Conosco bene l’obiezione ! Rispettare i vincoli imposti dalla natura (e perfino da alcune delle leggi italiane) significa impedire la costruzione di alberghi e quartieri e zone turistiche, significa spostare fabbriche e discariche di rifiuti, significa investire pubblico denaro per pulire il corso dei torrenti, dei fiumi e dei fossi, rimuovere tronchi e ostacoli; significa rimuovere gli argini artificiali. Significa dare soldi agli alluvionati alla condizione che i nuovi edifici non vengano ricostruiti dove erano prima, quando rappresentavano un ostacolo al moto delle acque.

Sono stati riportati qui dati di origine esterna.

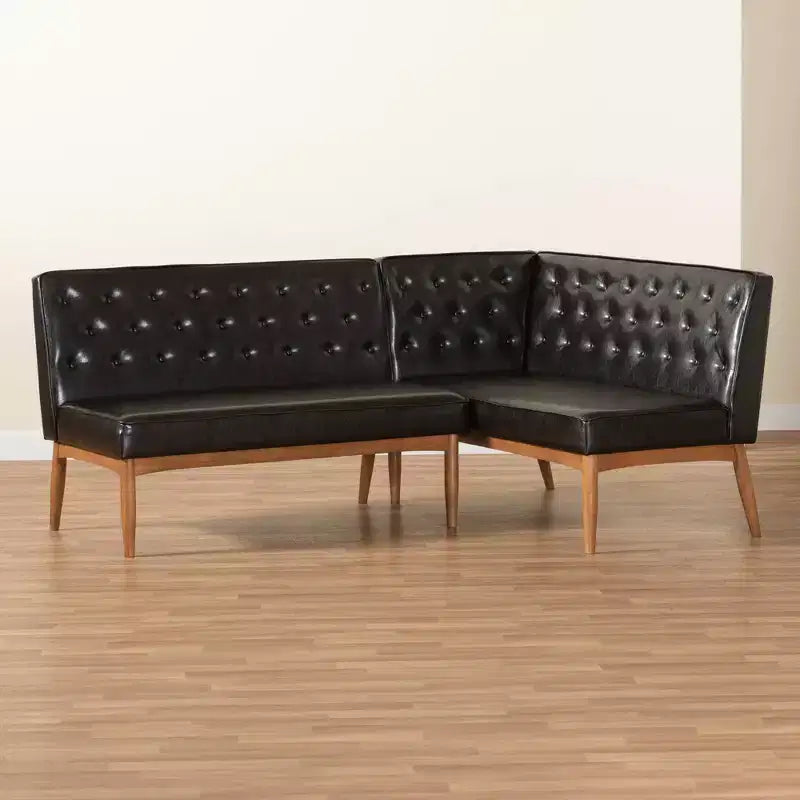 Set da pranzo con panca per angolo cottura in legno Riordan, 2 pezzi - Baxton Studio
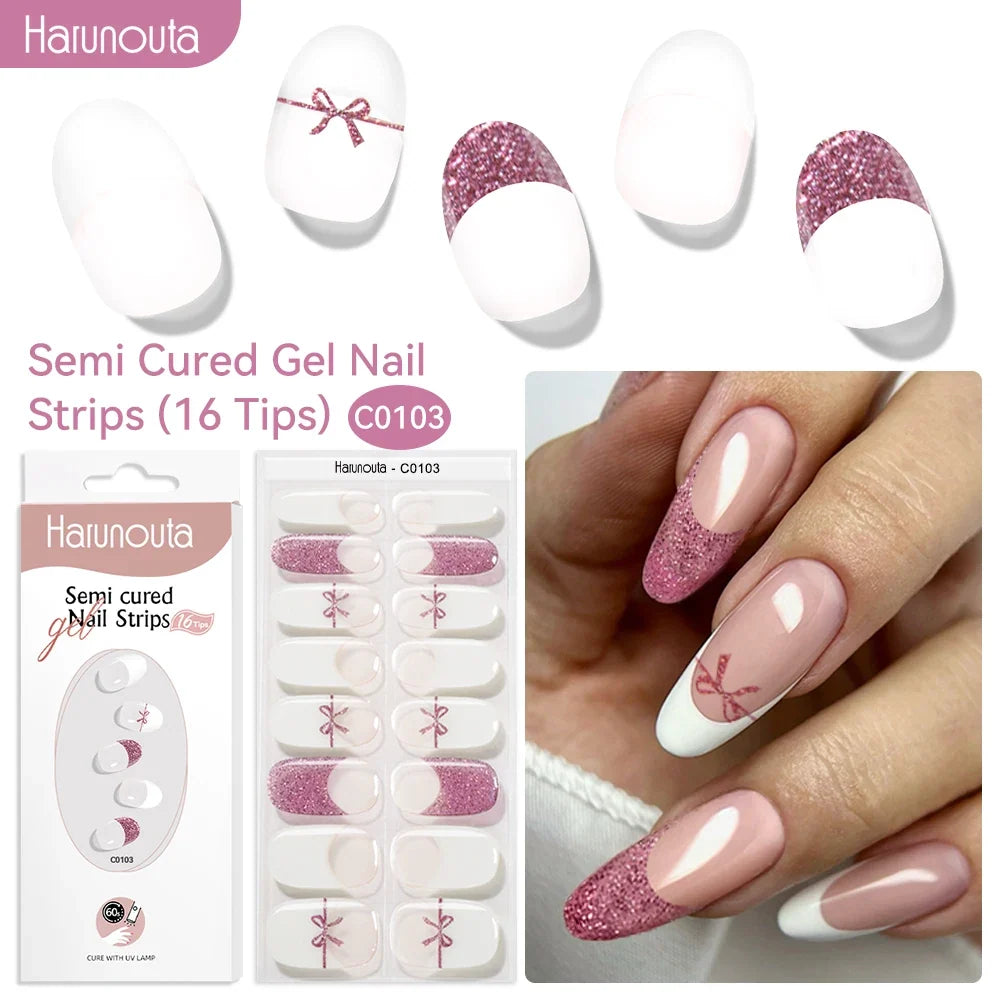 Harunouta 16strips Gradient Red Marble Gold Line Semi Cured Gel Nail Strips DIY Gel Polish Stickers for Nails Work with UV/LED 28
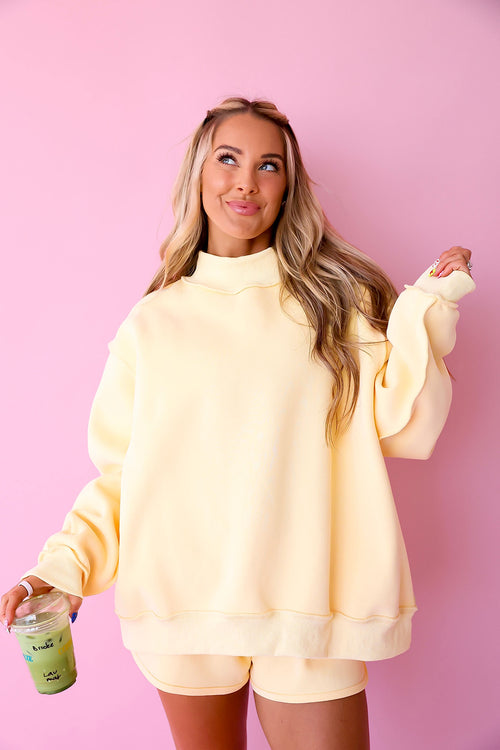 Weekend Reset Sweatshirt- Yellow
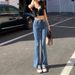 Women's Retro High-Waisted Stretch Slim Fit Flared Jeans Korean Style Straight Leg with Slit And Flowing Drape_ecoleips.com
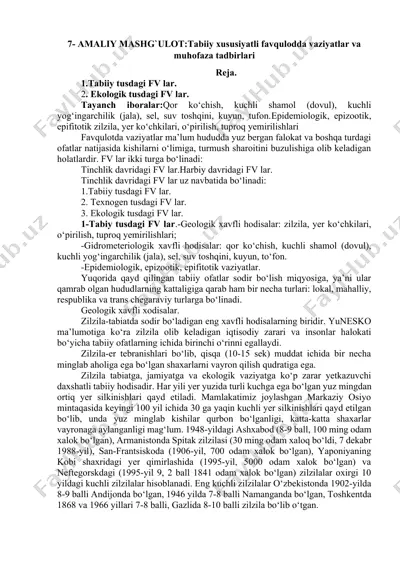 favqulotda vaziyatlar va muhofaza tadbirlari — DOCX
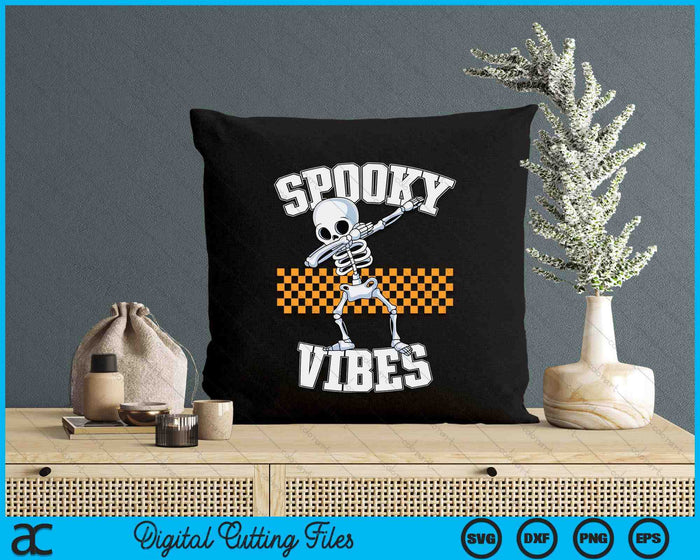 Spooky Vibes Dabbing Skeleton Monster Kids Boys Halloween SVG PNG Digital Cutting File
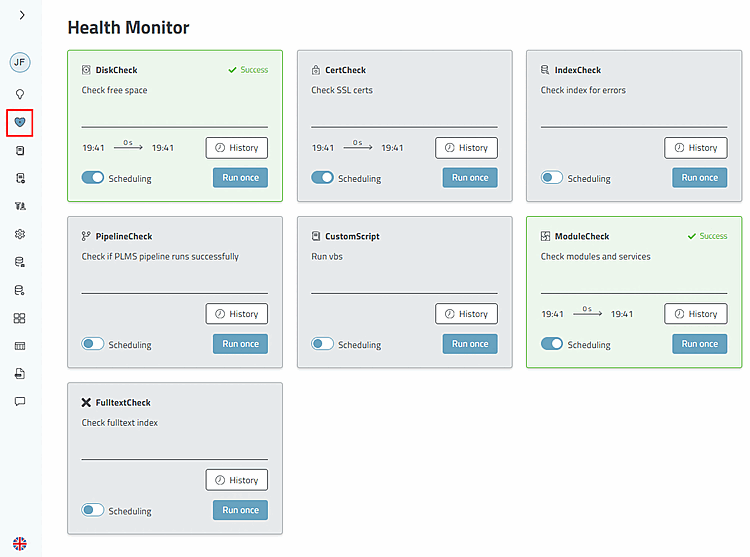 Health Monitor on the dashboard in the default state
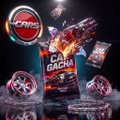 A dark, small graphic showing a 'CA$H' slot machine surrounded by casino chips with fiery explosion effects.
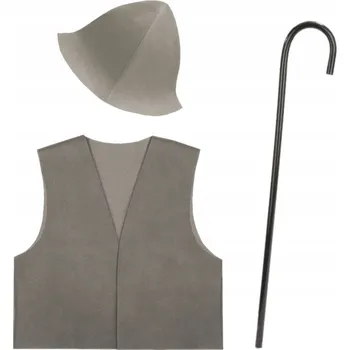 Karnevalový kostým KOSTÝM PASTÝŘ KOSTÝM PASTÝŘE NA VÁNOČNÍ HRY VESTA ČEPICE ŠEDÁ 116-140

Prevedere e prevenire significa accettare il dolorosissimo dovere e coraggio di “dire no” all’avidità delle speculazioni e agli interessi economici immediati privati, nel nome dell’interesse collettivo, nel nome del diritto alla vita, nel nome del futuro. Avremo un giorno dei governi, nazionali e locali, dotati di questo coraggio ? capaci di proporre all’Italia un “nuovo corso” economico basato sulla lotta all’erosione del suolo, sulla regolazione del corso dei fiumi, sulla difesa delle risorse idriche — come quello con cui Roosevelt, negli anni trenta del Novecento, fece uscire l’America dalla grande crisi?